SAPEVI CHE LA RICERCA DEL TARTUFO RIENTRA TRA I BENI IMMATERIALI PROTETTI DALL’UNESCO?

Tartufo Bianco

Come si coltivano i boschi e perché avete deciso di farlo? Per colpa dell’uomo vero?

Tutto nasce da mio cognato, che è contadino e da tre generazioni si occupa della terra coltivando uva, fieno, animali e frutta, con quell’impostazione tipica multiprodotto delle vecchie aziende agricole. Da qui siamo partiti per costruire la Pedemontis, che è un’azienda agricola che ricalca appunto le antiche usanze. Uno dei prodotti su cui si basa la nostra economia è il tartufo, abbiamo circa quaranta ettari di tartufaie riconosciuti dalla Regione Piemonte, soggette a manutenzione costante e a potature apicali, perché da quando non è più necessario raccogliere legna per scaldare le nostre case, i boschi si sono infittiti e la luce non arriva più a terra, il che non agevola la crescita del tartufo bianco. Inoltre, siringhiamo il terreno con delle soluzioni che contengono spore di tartufo prodotte da Tartuflanghe. Sulla scia di questo grande impegno, stiamo calcolando quanto ossigeno producono i nostri 200 ettari di proprietà.

Uno dei vostri claim è “Creatività gastronomica contemporanea”. Mi dai delle coordinate della tua creatività, se mai fosse possibile ingabbiare la creatività dentro dei confini certi? 
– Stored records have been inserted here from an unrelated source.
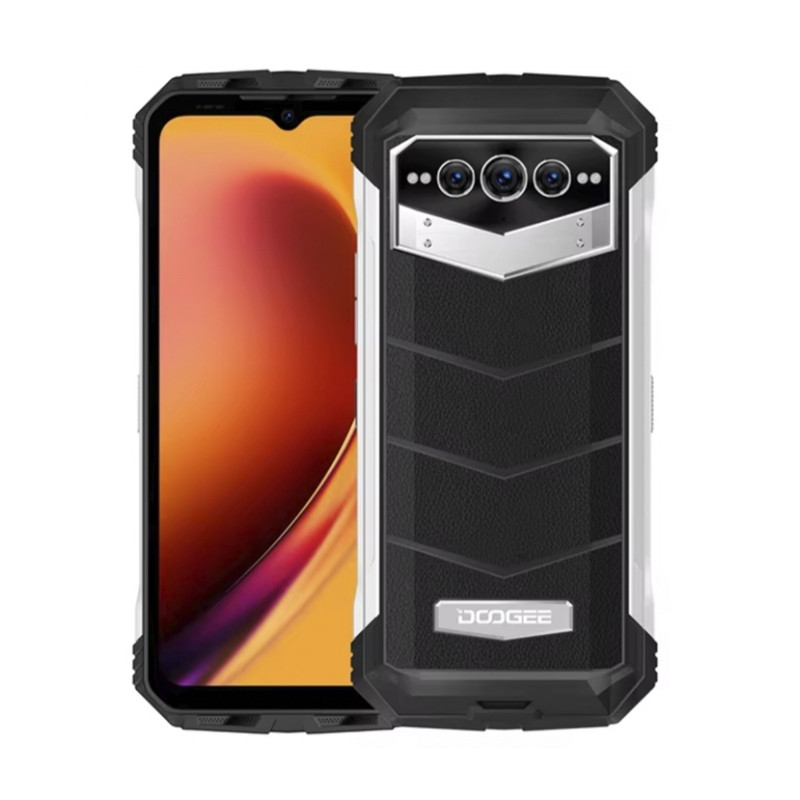 DOOGEE V Max 5G 12/256gb Silver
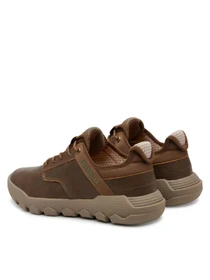Кроссовки Caterpillar HEX LITE LEATHER модель P726318 Фото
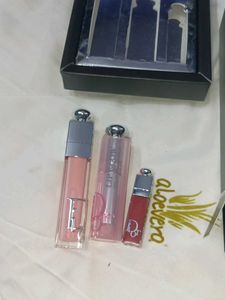 Dior Addict Lip Set
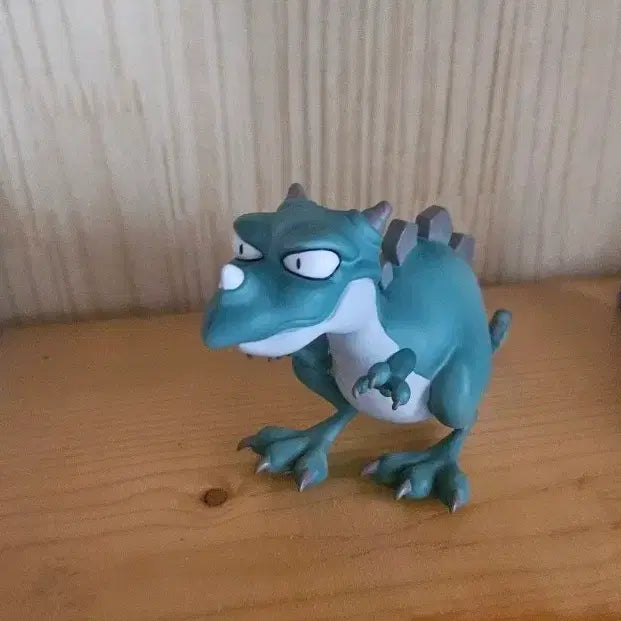 [BUNJANG] MapleStory Drake Figure / 메이플스토리 드레이크 피규어 판매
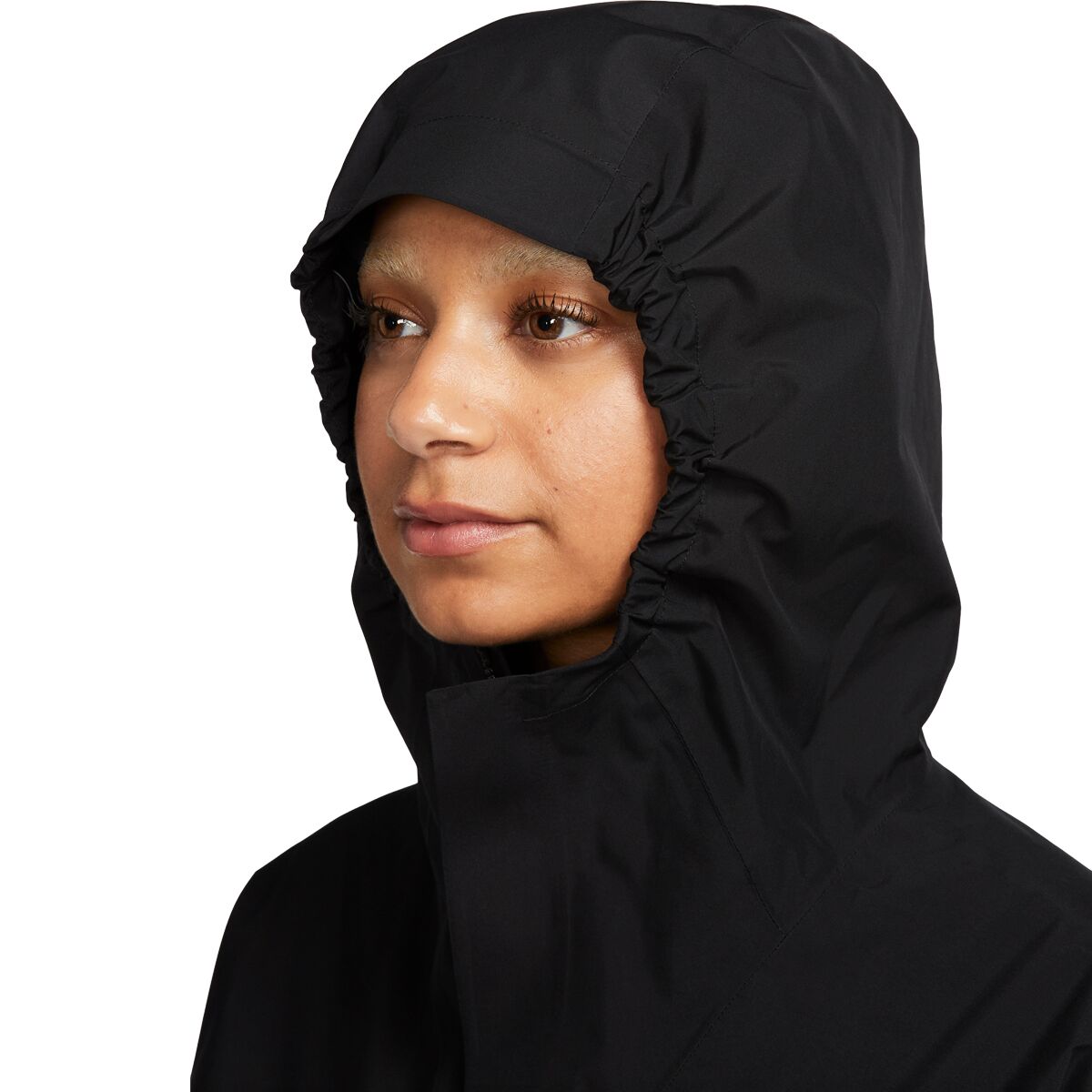 Nike ACG Storm-FIT Cascade Rains Full-Zip Jacket - Women's Nike ACG Storm-FIT Cascade Rains Full-Zip Jacket - Women's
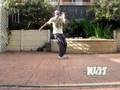 slic and matt fr3-z 2way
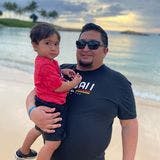 user profile photo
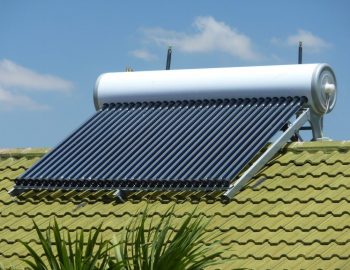 Importance of a Solar Hot Water System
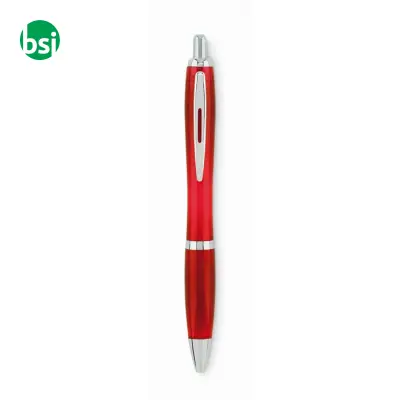 Penna a sfera in RPET - RIO RPET - Immagine 9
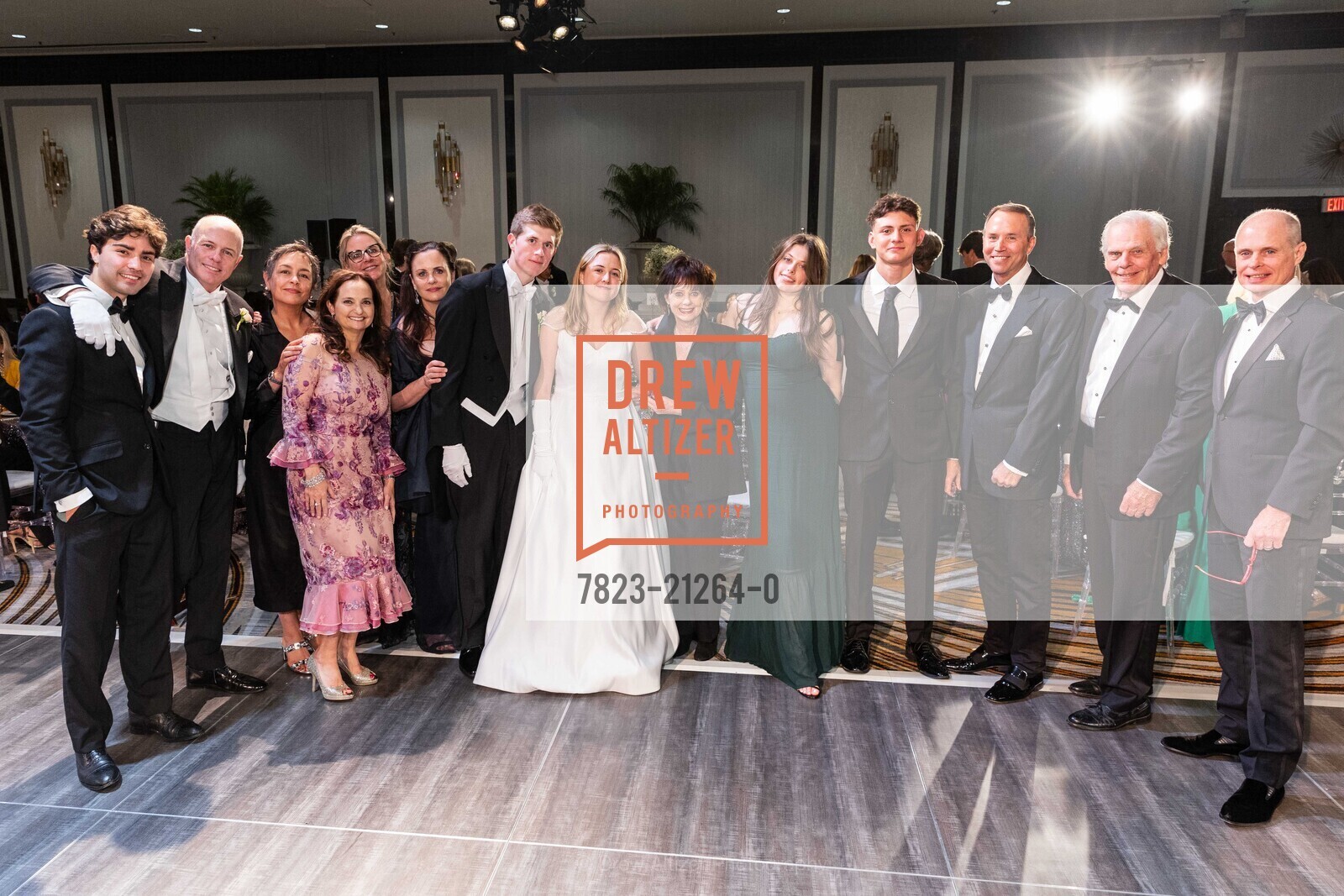 Francisco Andreas Goncalves DaSilva, Geoffrey Callan, Andrea Callan, Angelina Alioto Grace, Hilary Newsom, Regina Callan, Hayes Robert Sherman, Siena Newsom Callan, Barbara Callan, Talitha Newsom Callan, Chip Zecher, Bob Callan, Robert Callan, California Pacific Medical Center's 2023 Debutante Ball, The Westin St. Francis San Francisco on Union Square, 335 Powell St, SF. The Westin St. Francis San Francisco on Union Square, 335 Powell St, SF, Photo #7823-21264-0 Francisco Andreas Goncalves DaSilva, Geoffrey Callan, Andrea Callan, Angelina Alioto Grace, Hilary Newsom, Regina Callan, Hayes Robert Sherman, Siena Newsom Callan, Barbara Callan, Talitha Newsom Callan, Chip Zecher, Bob Callan, Robert Callan, Photo #7823-21264-0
Questo claim va di pari passo con un’altra definizione che ci descrive bene, che è: “guidati dalle stelle”: collaboriamo con chef che conoscono la nostra tecnologia e ci chiedono di creare degli ingredienti ad hoc, tipo formaggi o ricci in polvere. Questi diventano poi articoli o parti di preparati che noi vendiamo. Oltre a questo, realizziamo anche prodotti tipici, come i tajarin fatti a mano.
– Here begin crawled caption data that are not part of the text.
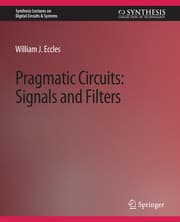 Cover von Pragmatic Circuits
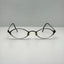 Kenneth Cole Cutting Edge C. 300 Eyeglasses Eye Glasses Frames 44-20-135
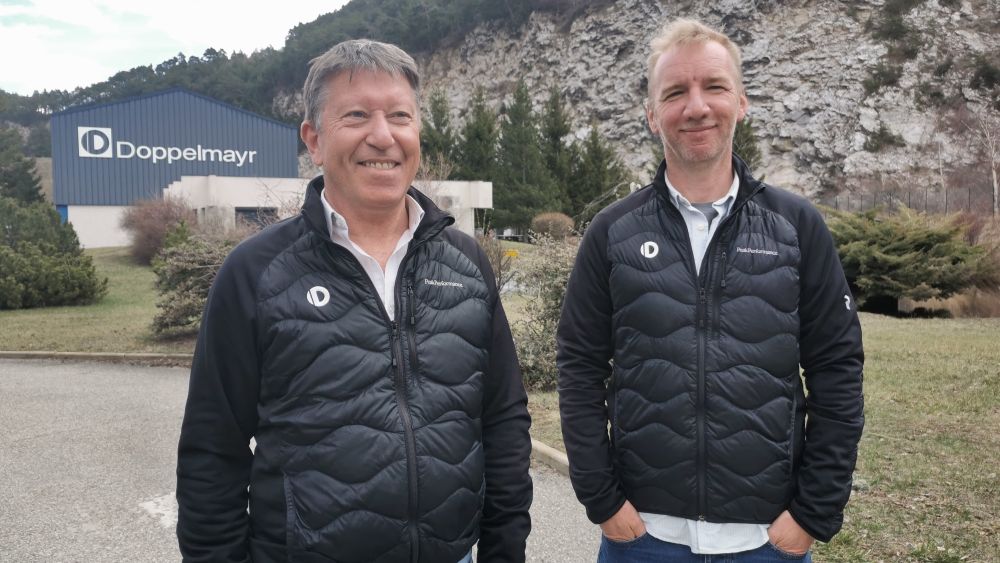 Doppelmayr France : « Notre PME est organisée comme une grande entreprise »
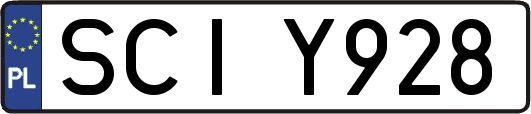SCIY928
Leggendo di voi, il collegamento che viene da fare è con il The Tunnel, il laboratorio creativo di Moreno Cedroni a Senigallia.

Adoro la creatività contemporanea di Moreno. Penso che sia un territorio ampissimo e bello da esplorare e condividere. Ci spingiamo ovunque ci porti l’immaginazione, abbiamo esperienza anche nell’uso delle stampanti 3D, per ora applicate ai cocktail, ma che un domani interesseranno la cucina. Con gli anni ho capito che la liofilizzazione è il miglior metodo di conservazione perché preserva il 100% dei sapori, dei profumi e delle proprietà dell’ingrediente.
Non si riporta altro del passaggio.